For positive durations:
start with
GammaEstimator;use
ExponentialEstimatoras a simple memoryless baseline;use
WeibullEstimatorwhen the hazard changes with age;use
LogGaussianEstimatorwhen multiplicative effects dominate.
For counts:
start with
PoissonEstimator;use
NegativeBinomialEstimatorwhen variance exceeds the mean;use
BetaBinomialEstimatorfor bounded over-dispersed counts;use
SkellamEstimatorwhen the observation is a difference of counts.
For extremes:
use
GeneralizedExtremeValueEstimatorfor block maxima;use
GeneralizedParetoEstimatorfor threshold exceedances;use Analysis Utilities for tail diagnostics before committing to a tail family.
Composition Example¶
Scalar families are often leaves in a larger record model:
from mixle.inference import optimize
from mixle.stats import (
CategoricalEstimator,
CompositeEstimator,
GammaEstimator,
NegativeBinomialEstimator,
)
rows = [
("login", 0.8, 2),
("purchase", 4.2, 5),
("login", 1.1, 1),
]
estimator = CompositeEstimator(
(
CategoricalEstimator(), # event type
GammaEstimator(), # latency
NegativeBinomialEstimator(), # repeated attempts
)
)
model = optimize(rows, estimator, out=None)

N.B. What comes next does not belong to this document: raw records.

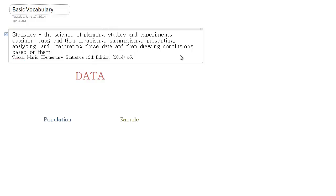you want to, in the end, be thinking about what does this tell us, and how do we draw conclusions based on this information?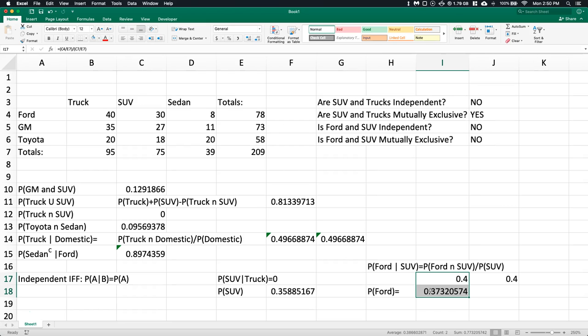That's how we work with these contingency tables. Hope it helps you out — good luck!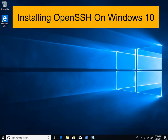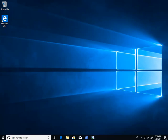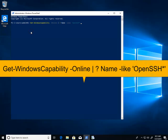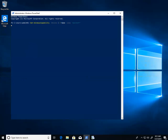Hi, in this video I'll be showing you how to install OpenSSH on Windows 10 via PowerShell. First, you can check to see if it's installed by running this PowerShell command. As you can see, the client is already installed, so we'll go ahead and install the server version.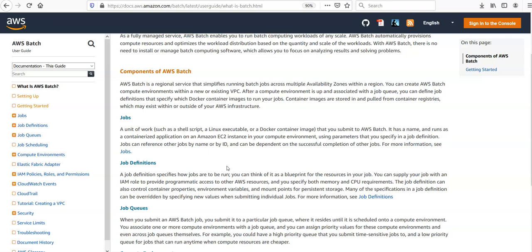After a compute environment is up and associated with a job queue, you can define job definitions and specify which Docker container images to run your jobs. Container images are stored in and pulled from container registries, which are also called container repositories, which may exist within or outside of your AWS infrastructure.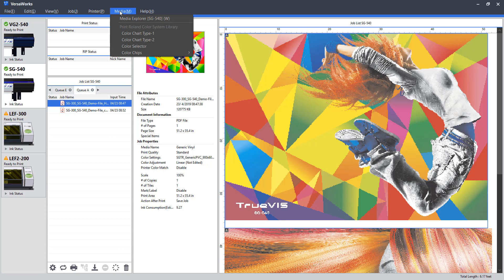Following the printer tab, we have the media tab. This is where we can find media explorers to load profiles or import various color charts for various color applications and accuracy checks within the interface.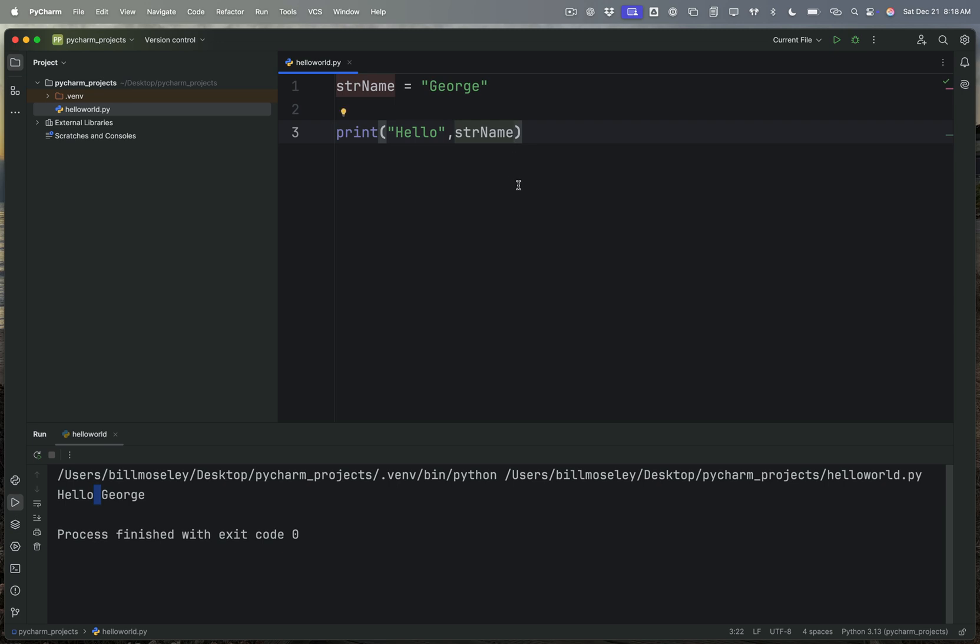And if I want to, I can change that space to something else, but I'm not going to do that right now. So I can print hello George, nice to meet you. Okay, so I've got hello George and then nice to meet you.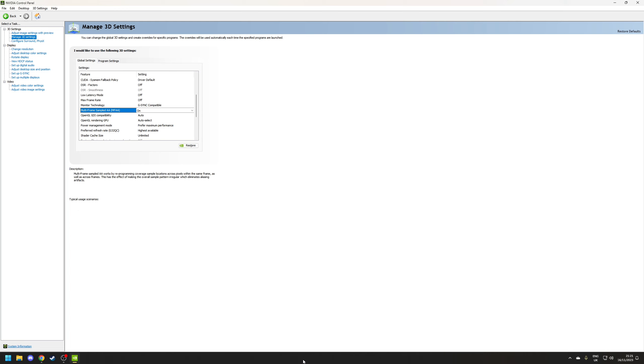So next is multi-framed sampled AA. This is an anti-aliasing method designed to supplement any game that originally supports MSAA or multi-sampling anti-aliasing and all this does is simply reduce the performance costs so there's no reason not to have this set to on.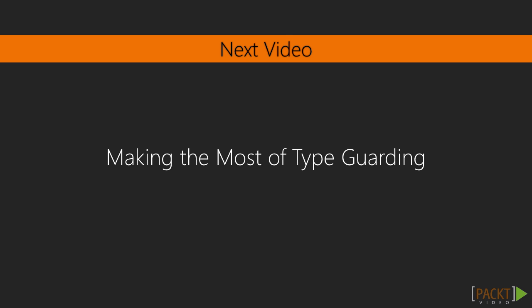In the next video, we're going to look into using type guarding a bit more by using user-defined type guarding.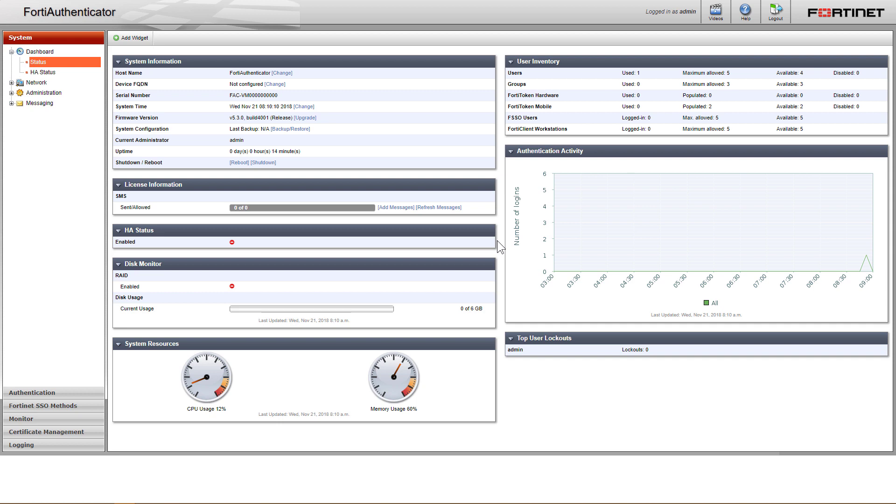We are now connected to the FortiAuthenticator Web GUI. We have successfully deployed FortiAuthenticator in AWS. Note that FortiAuthenticator runs in evaluation mode until it is licensed. Thank you for watching.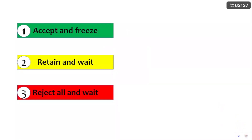Hello everyone, this is Baloo. Welcome to my channel Cielkev. In this video, I am going to explain all the options which are available after the round one results in COAP counseling procedure.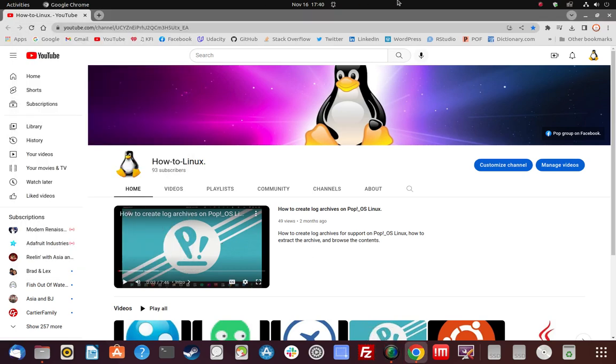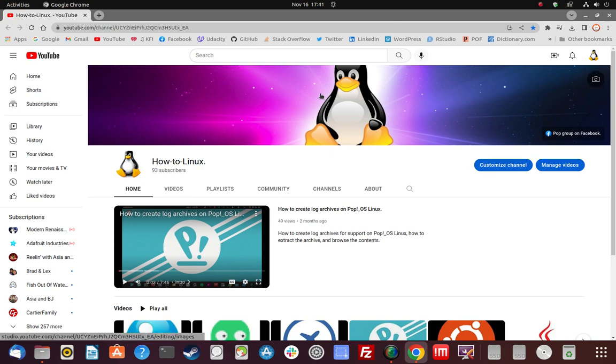Hi, my name is Paul and I'm the lead researcher at the How to Linux Research Labs. This is my channel page here on YouTube, and what I do is I record a lot of videos on...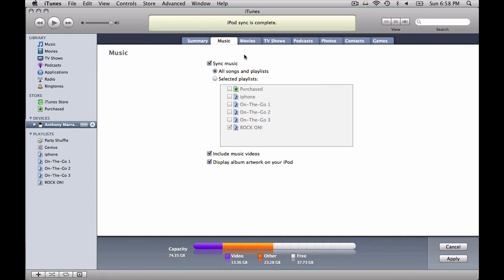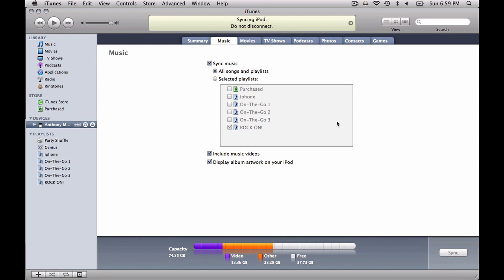You can see up here that this iPod's already been synced because it's been attached to the computer for a little while. So all we're going to do now is, because we made a change, hit the Apply button. You can see up here, it's syncing. Do not disconnect. And it's doing its magic.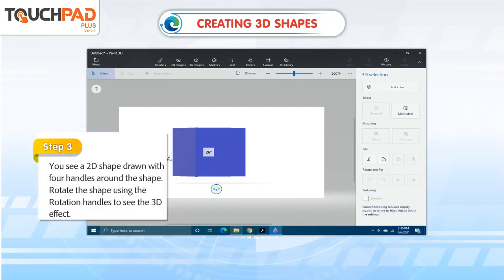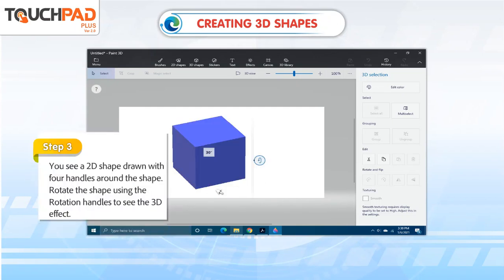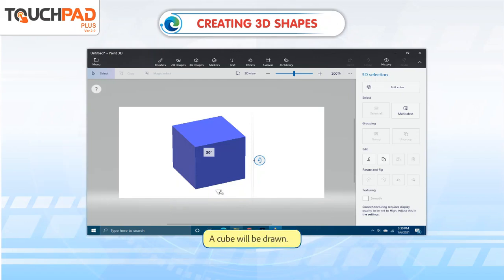Step 4: You will see a 2D shape drawn with 4 handles around the shape. Rotate the shape using the rotation handles to see the 3D effect. A cube will be drawn.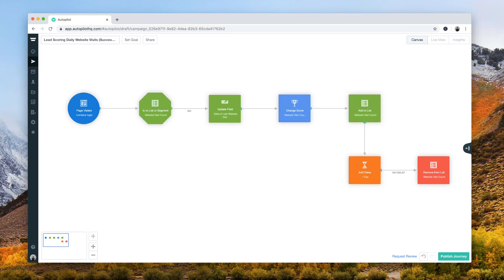In this video, we'll take a look at this lead scoring daily website visits journey, one of the Success with Autopilot journeys.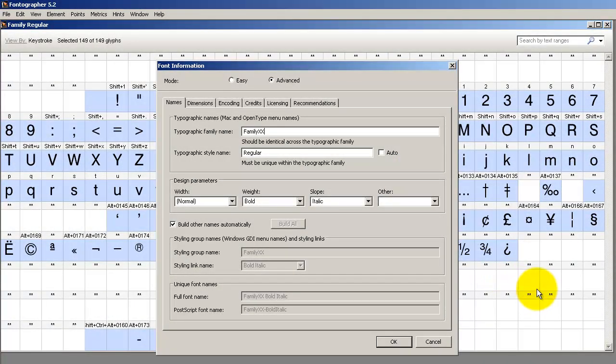Really, that's all you need to know about making font families just to get started. As always, let us know if you have any other topics you'd like to see covered or if you want to see more details on making font families. Refer to your user guide for more details. We'll see you next time. Bye.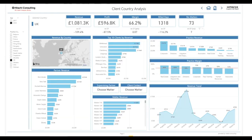Client country analysis. This report focuses on country, allowing the filtering and analysis of revenue trends by selected countries or groups of countries. I can quickly see both the partners that have worked in that country, but also the actual clients they've performed work for.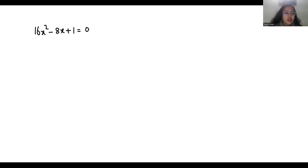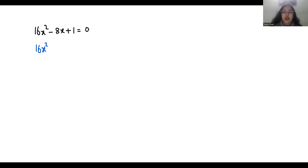We can solve this quadratic equation by the quadratic formula or the middle term split method. I am going to use the middle term split method.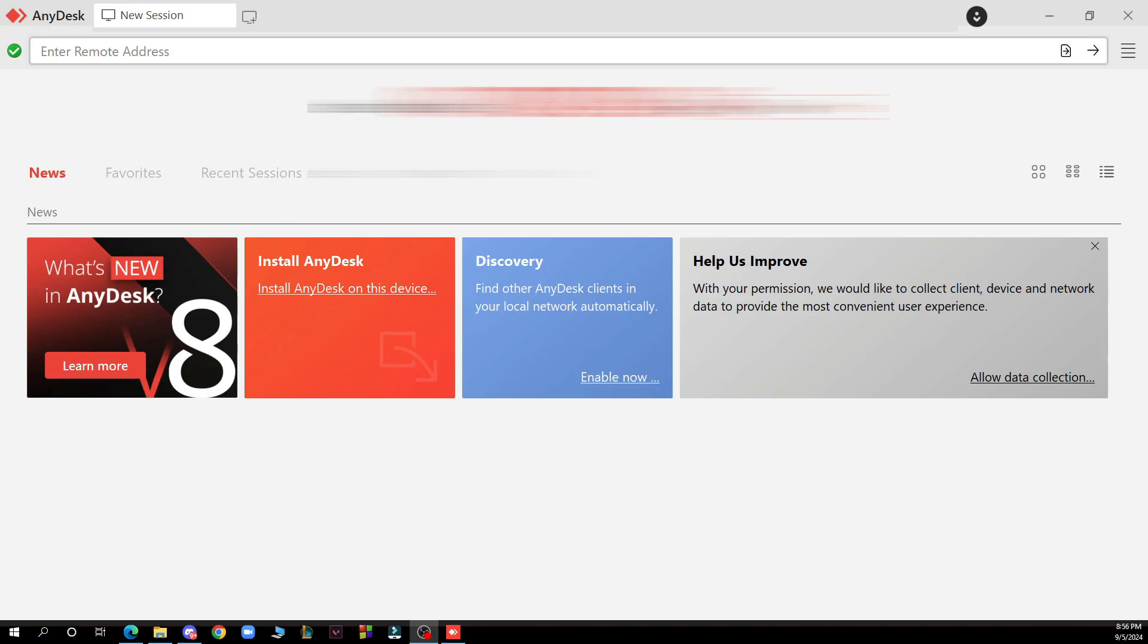But now let's see what we actually have in front of us here. So here you have the news, the favorites, recent sessions, discovered and invitations.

The same scalar leaf can appear inside a mixture, HMM emission, survival wrapper, transform, record field, or process model.
Enumeration¶
Finite and countable discrete families may expose enumerators. Use Enumeration and Ranking for top-k and support traversal. Use Operations when a continuous family must be quantized into finite support for downstream enumeration.